## [Work to be completed]
Give back each entry unchanged, minus pictures.

## [Given records]
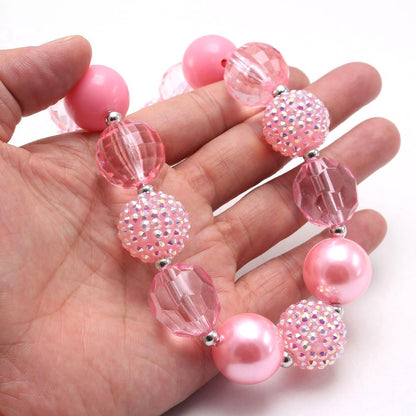 Close-up of pink sparkle acrylic beaded dog necklace with faceted and pearl-look beads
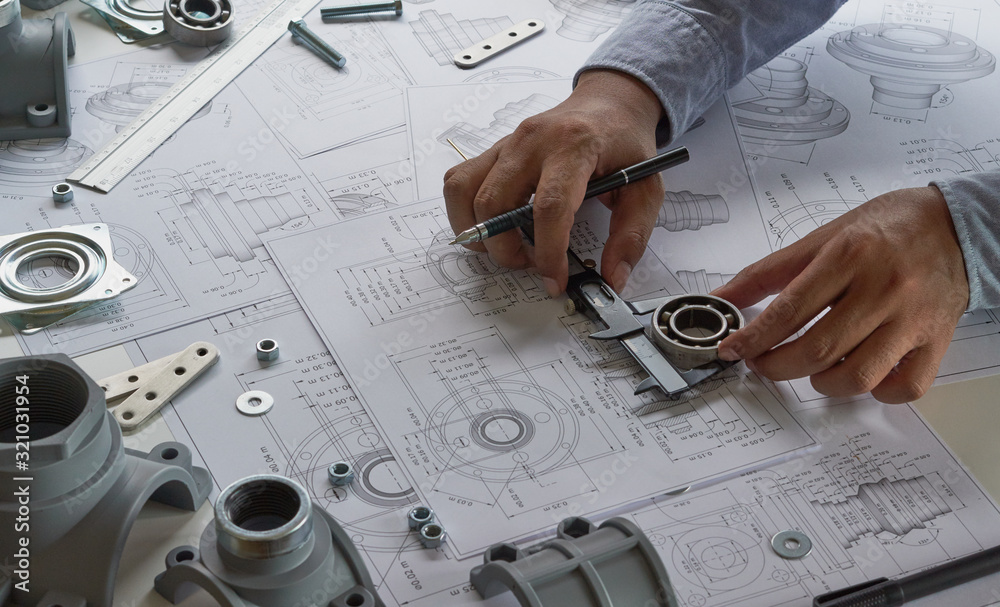 Engineer technician designing drawings mechanical parts engineering Engine.manufacturing factory Industry Industrial work project blueprints measuring bearings caliper tools - obrazy, fototapety, plakaty 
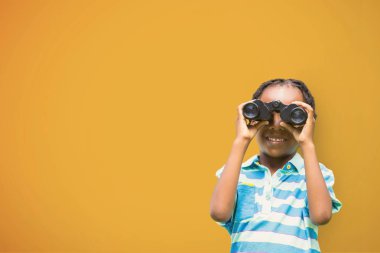 Dürbün sarı arka plana karşı bakarak mutlu çocuk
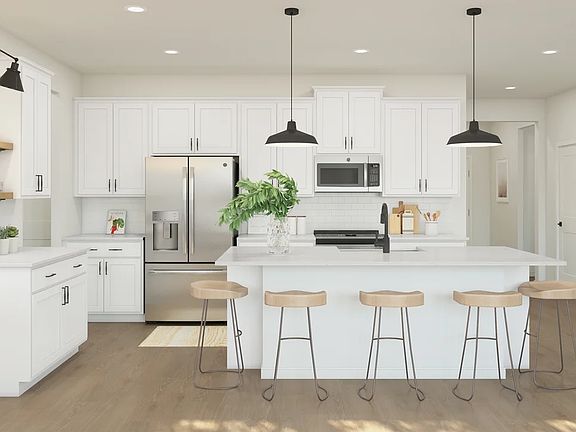 Kitchen with pendant lighting and center island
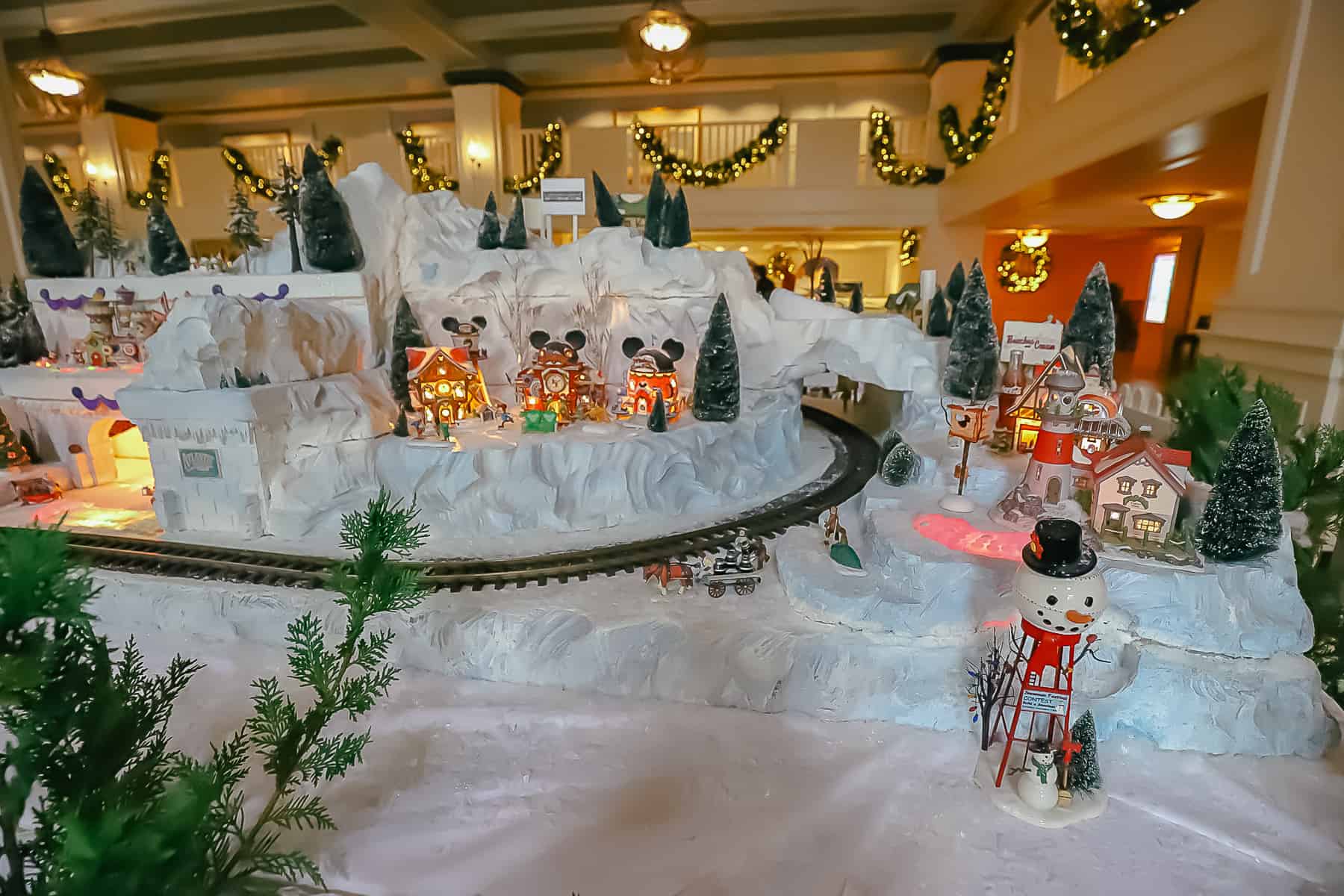 A closeup view of the Christmas village that shows a water tower decorated to look like a snowman.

## [Reply to the exercise]
 Close-up of pink sparkle acrylic beaded dog necklace with faceted and pearl-look beads
 Engineer technician designing drawings mechanical parts engineering Engine.manufacturing factory Industry Industrial work project blueprints measuring bearings caliper tools - obrazy, fototapety, plakaty 
 Dürbün sarı arka plana karşı bakarak mutlu çocuk
 Kitchen with pendant lighting and center island
 A closeup view of the Christmas village that shows a water tower decorated to look like a snowman.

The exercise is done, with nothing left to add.